背後関係に関する議論
出典: フリー百科事典『ウィキペディア(Wikipedia)』 (2022/07/09 16:10 UTC 版)
「ドイツ国会議事堂放火事件」の記事における「背後関係に関する議論」の解説
事件の背後関係については当時から議論があった。その一つは『褐色の書』をはじめとする、放火事件は一党独裁を目指すナチス党によって仕組まれた自作自演であるとするものである。 当時のアネクドートにもこの事件を扱ったものがある。 Q.「国会議事堂に火を放ったのは誰か?」A.「それはザース兄弟だ。」ベルリン出身のザース兄弟(Brüder Sass)は銀行破りを度々働いた末にコペンハーゲンで逮捕された。兄弟はドイツに送還されて有罪判決を受け、1940年にザクセンハウゼン強制収容所への移送中に「抵抗を図ったため」射殺された。名字のザースを前後に分けるとSA・SSとなる。 戦後のニュルンベルク裁判で、フランツ・ハルダーが「ゲーリングは周囲に『国会に火を付けたのは俺だ』と語っていた」と証言したこともこれらの陰謀説を強化した。この説は『第三帝国の興亡』を書いたウィリアム・シャイラーやアラン・ブロックなどの歴史家も踏襲した。 一方で、国会議事堂に到着したヒトラーが「神よ、どうか共産主義者の仕業でありますように」と発言したという『デイリー・エクスプレス』紙特派員セフトン・デルマーの証言がある。デルマーは、これについてヒトラーが事件の真相を知らなかったものと解釈している。
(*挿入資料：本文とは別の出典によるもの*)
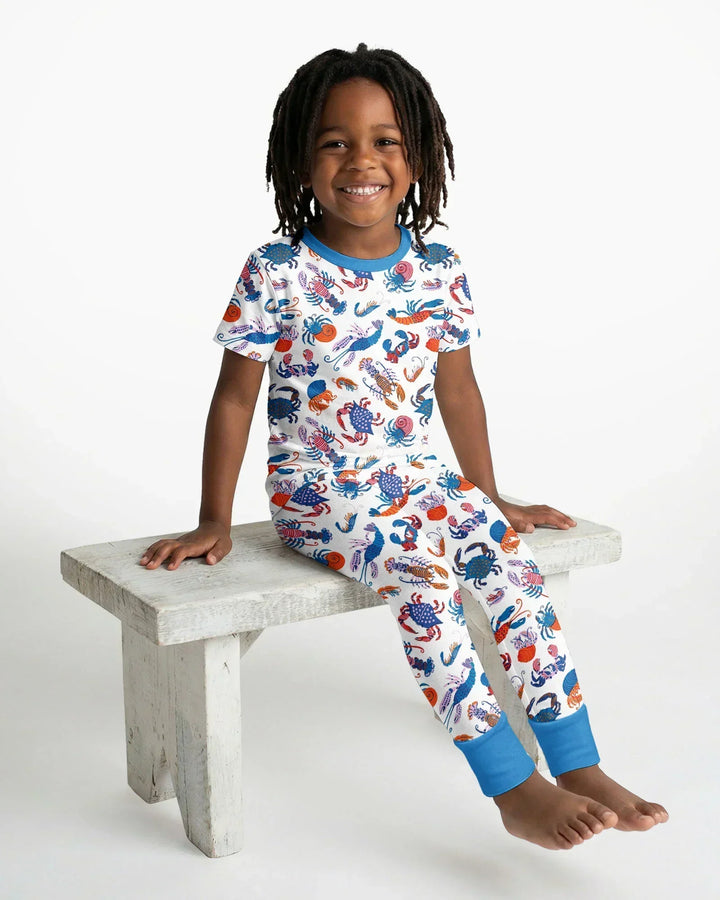 Crustacean Nation Family Matching Bamboo Two Piece Short Sleeve Pajama Set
ヒトラーと交流のあったエリック・ヤン・ハヌッセンはこの事件の予言を的中させたことで人気が高まった。 1963年、フリッツ・トビアス(ドイツ語版)は著書『Der Reichstagsbrand – Legende und Wirklichkeit』(国会炎上 ―神話と現実―)の中で詳細な研究を行い、ルッベ単独犯行説を唱えた。この著書に対して、ナチス犯行論の立場から反論が行われたが、その際に提出した史料の多くは、偽造の疑いが濃いことが判明している。1964年には現代史家のハンス・モムゼン(ドイツ語版)は論文『Der Reichstagsbrand und seine politischen Folgen』(国会炎上と政治的影響)を書き、トビアスの説を補強した。これ以降に『アドルフ・ヒトラー』を書いたジョン・トーランドもその見解を採用している。 1981年、西ベルリン裁判所はルッベの有罪判決を覆し、無罪判決を下した。ただし、これはナチス政権下での判決を不当としたものであり、放火の実行犯であることを免罪したものではない。また、1998年成立の「ナチスによりなされた不当な刑事裁判の判決を廃棄する法律」で、ナチスの不当な人民法廷での裁判や法の不遡及の原則に反した判決が取り消された。